DATASET ENTRIES:
·····
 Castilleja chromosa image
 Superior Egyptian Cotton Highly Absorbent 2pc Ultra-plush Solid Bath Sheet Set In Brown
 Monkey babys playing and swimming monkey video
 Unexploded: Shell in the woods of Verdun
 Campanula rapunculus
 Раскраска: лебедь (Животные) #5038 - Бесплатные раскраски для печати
·····
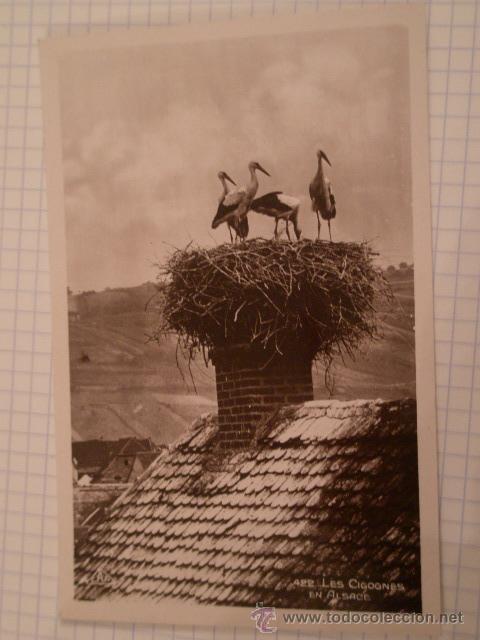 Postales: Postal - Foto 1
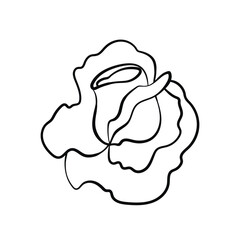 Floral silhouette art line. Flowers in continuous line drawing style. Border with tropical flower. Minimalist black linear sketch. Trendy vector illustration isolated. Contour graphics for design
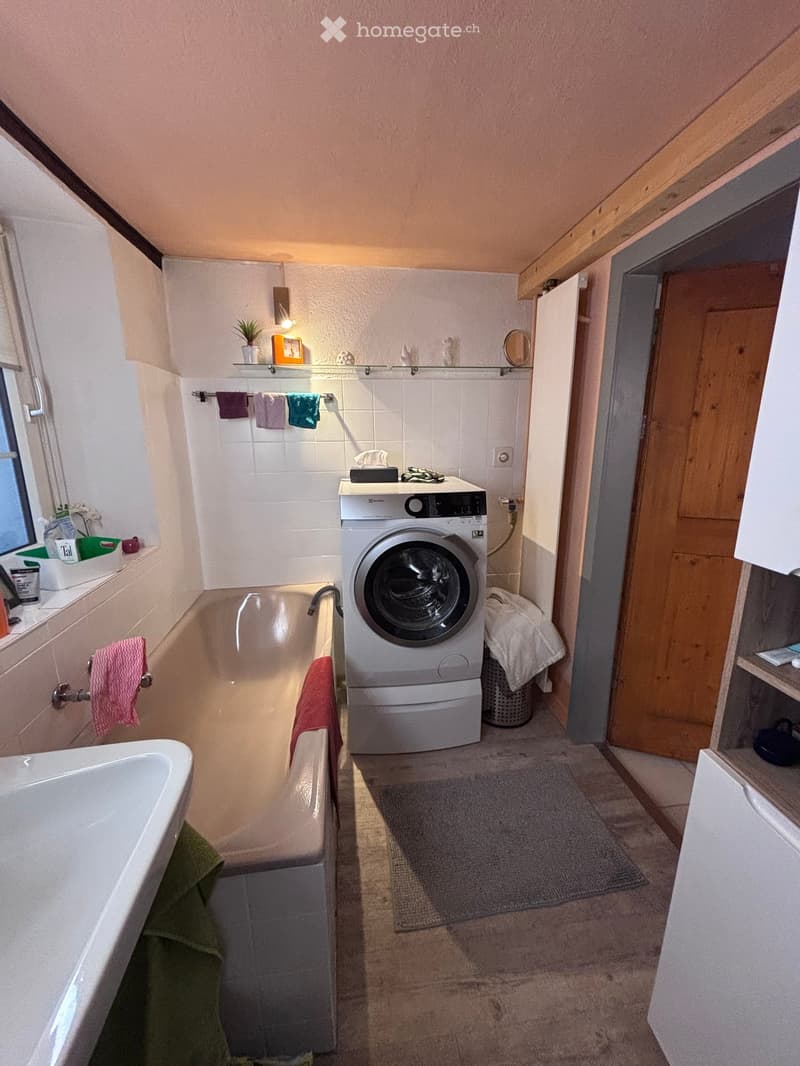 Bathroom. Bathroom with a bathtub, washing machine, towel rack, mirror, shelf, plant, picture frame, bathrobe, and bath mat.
·····
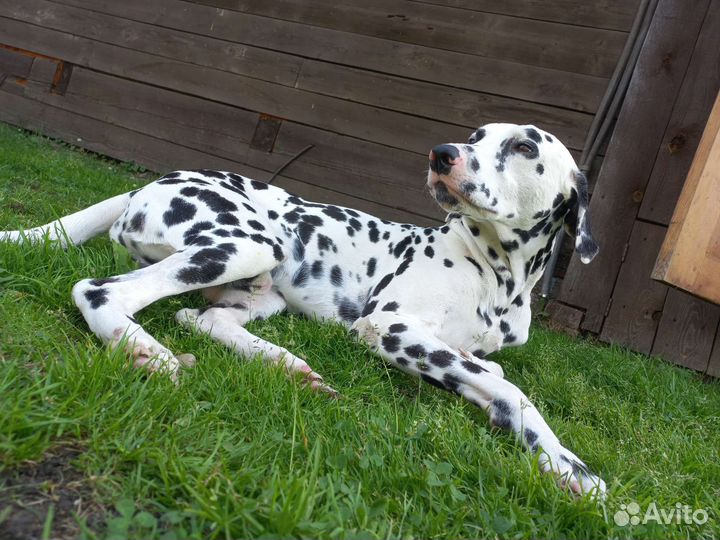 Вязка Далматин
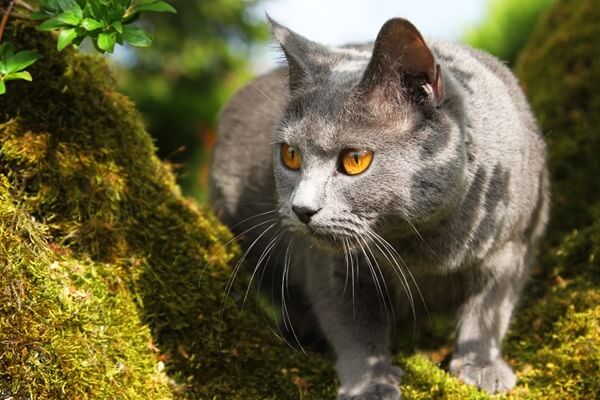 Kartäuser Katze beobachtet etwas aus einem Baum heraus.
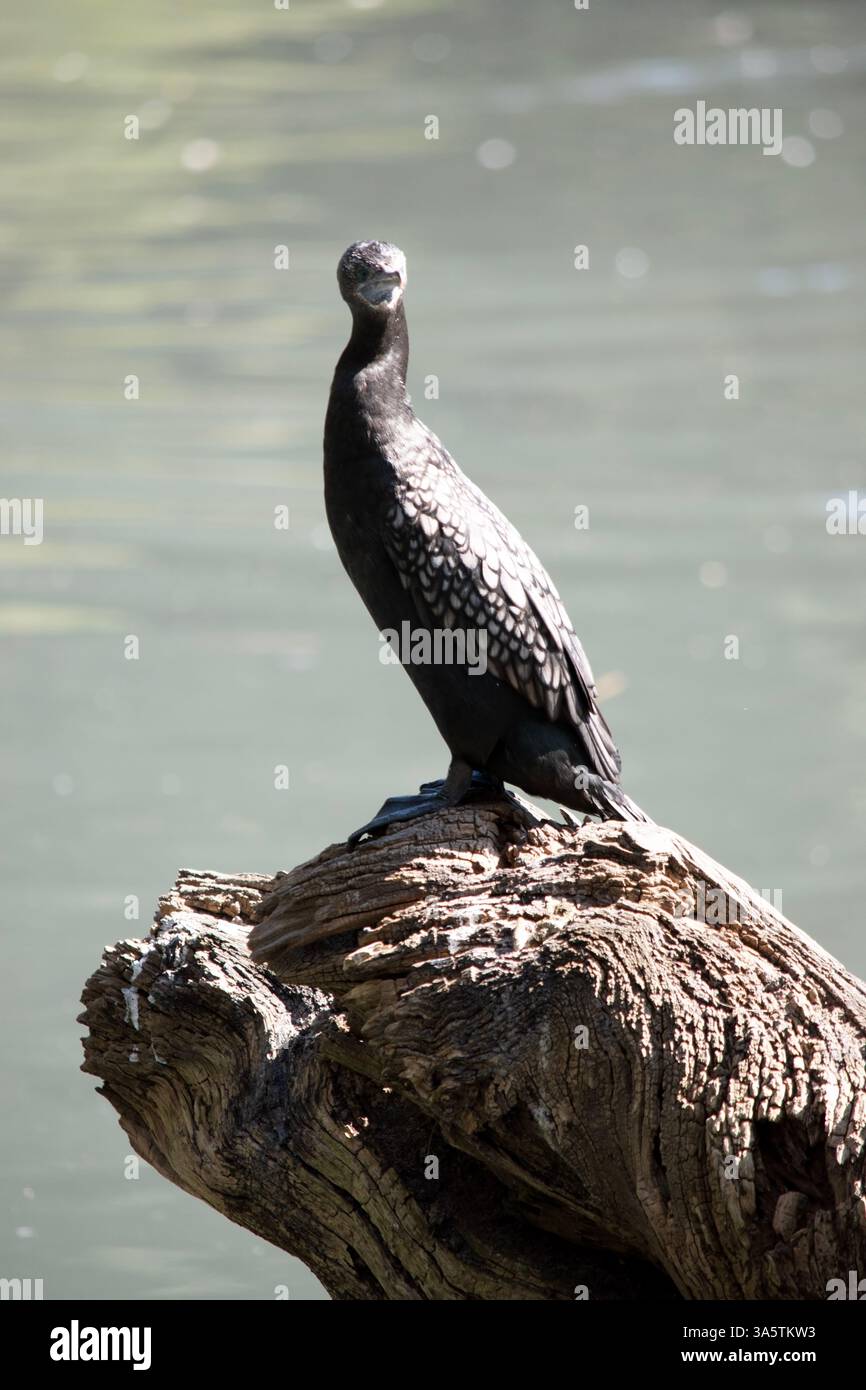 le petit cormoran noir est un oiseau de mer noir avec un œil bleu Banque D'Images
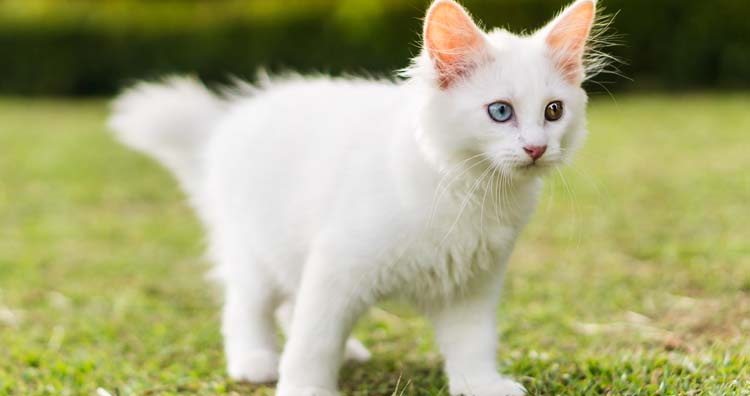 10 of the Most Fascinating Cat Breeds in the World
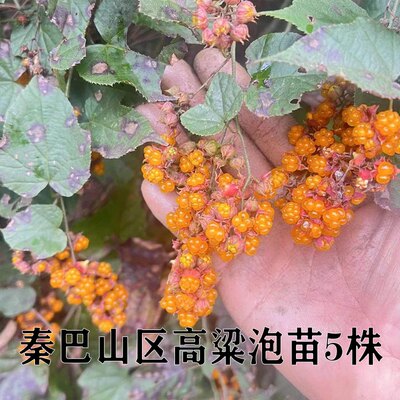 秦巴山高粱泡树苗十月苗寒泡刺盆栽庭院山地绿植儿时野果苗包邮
·····
WHAT TO DO:
Where the data above reaches the line holding "Monkey babys playing", begin printing, and stop after the line holding "Раскраска: лебедь (Животные)". Each line must be reproduced exactly, with nothing else added.

EXERCISE RESULT:
 Monkey babys playing and swimming monkey video
 Unexploded: Shell in the woods of Verdun
 Campanula rapunculus
 Раскраска: лебедь (Животные) #5038 - Бесплатные раскраски для печати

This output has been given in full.